**SOURCE DATA**:
■ ■ ■ ■ ■ ■ ■

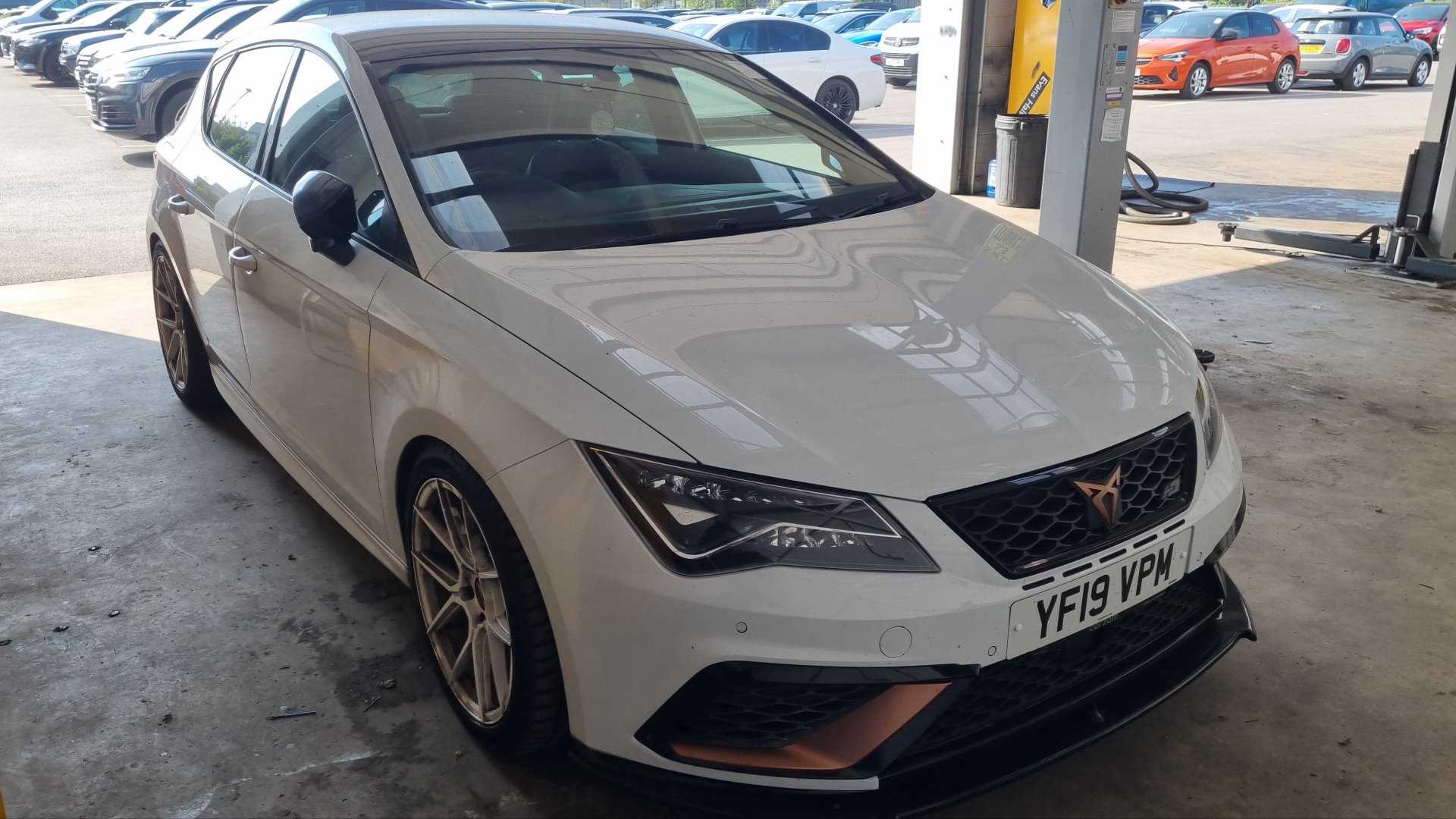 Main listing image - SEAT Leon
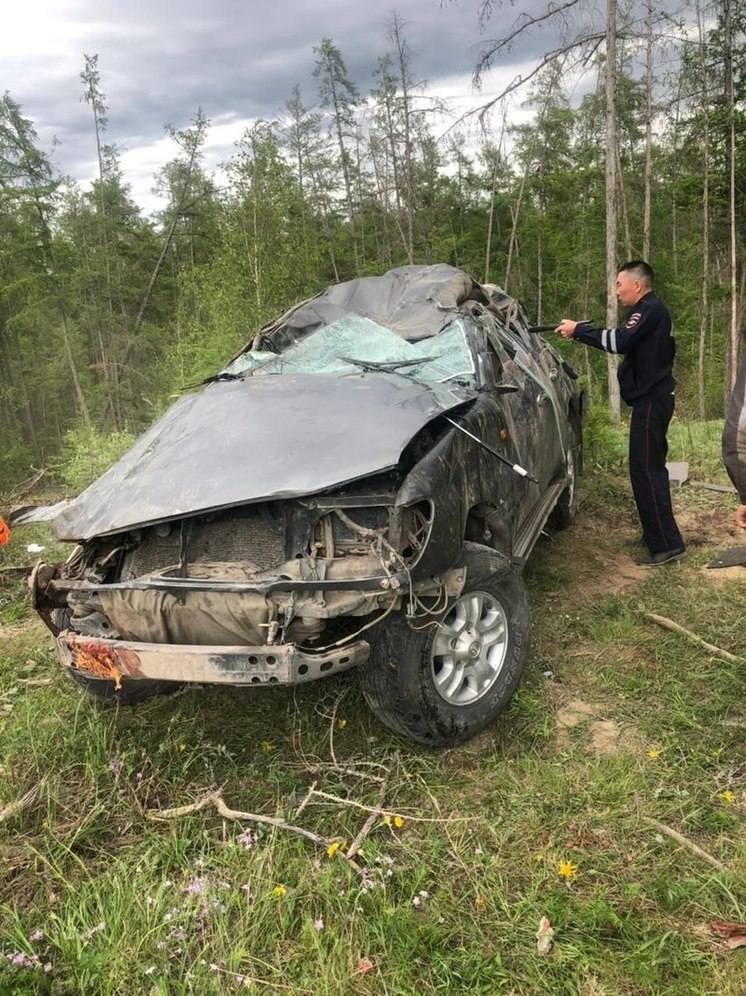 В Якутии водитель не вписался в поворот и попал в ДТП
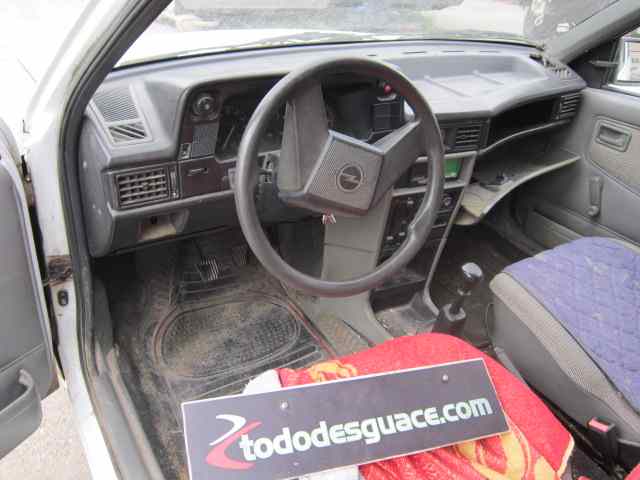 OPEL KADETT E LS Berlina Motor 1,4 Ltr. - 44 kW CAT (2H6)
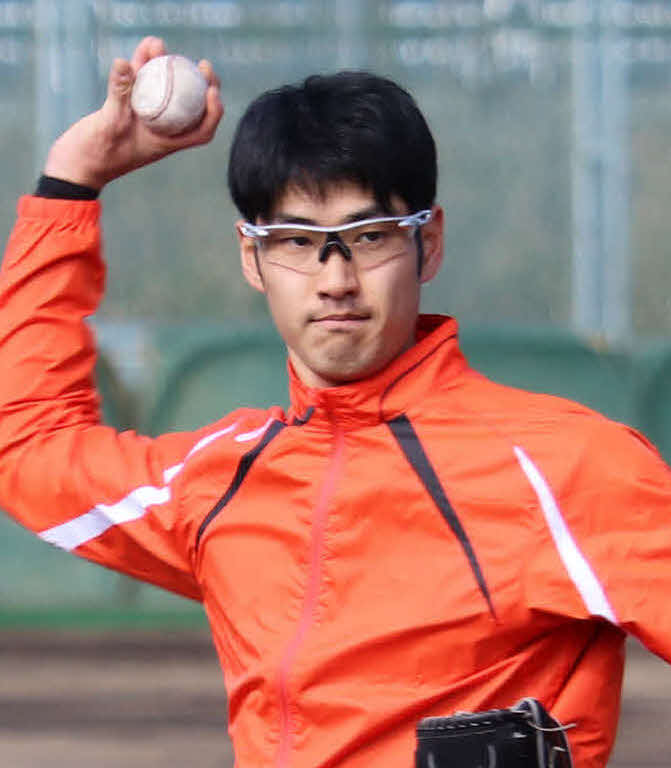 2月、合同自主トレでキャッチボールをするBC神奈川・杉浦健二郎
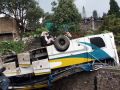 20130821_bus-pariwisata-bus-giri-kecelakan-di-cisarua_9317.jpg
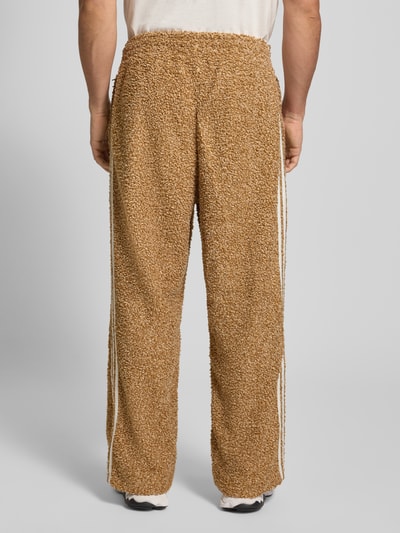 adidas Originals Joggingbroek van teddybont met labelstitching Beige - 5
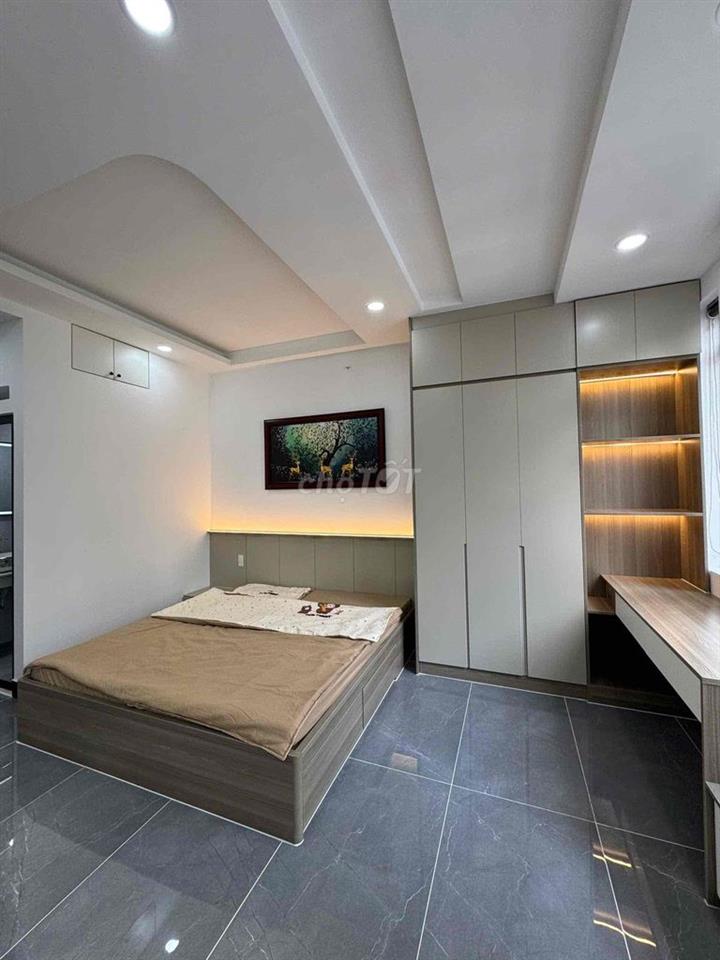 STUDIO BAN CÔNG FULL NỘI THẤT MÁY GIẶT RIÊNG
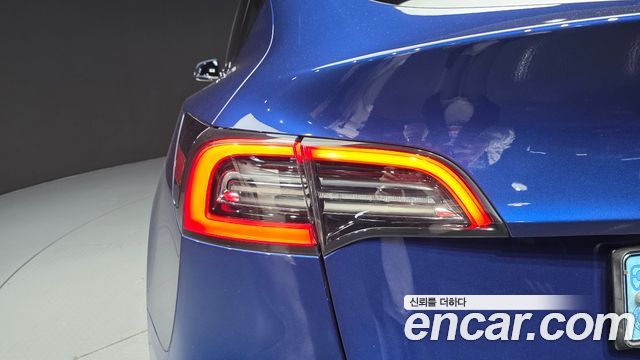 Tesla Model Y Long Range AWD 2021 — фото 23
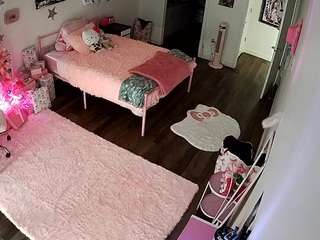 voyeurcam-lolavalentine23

■ ■ ■ ■ ■ ■ ■

**WHAT IS REQUIRED**: All that is needed is the lines from the line holding "Tesla Model Y Long Range AWD 2021 — фото 23" to the final line of the listing above, repeated exactly, pictures excluded.

**REPLY**:
 Tesla Model Y Long Range AWD 2021 — фото 23
 voyeurcam-lolavalentine23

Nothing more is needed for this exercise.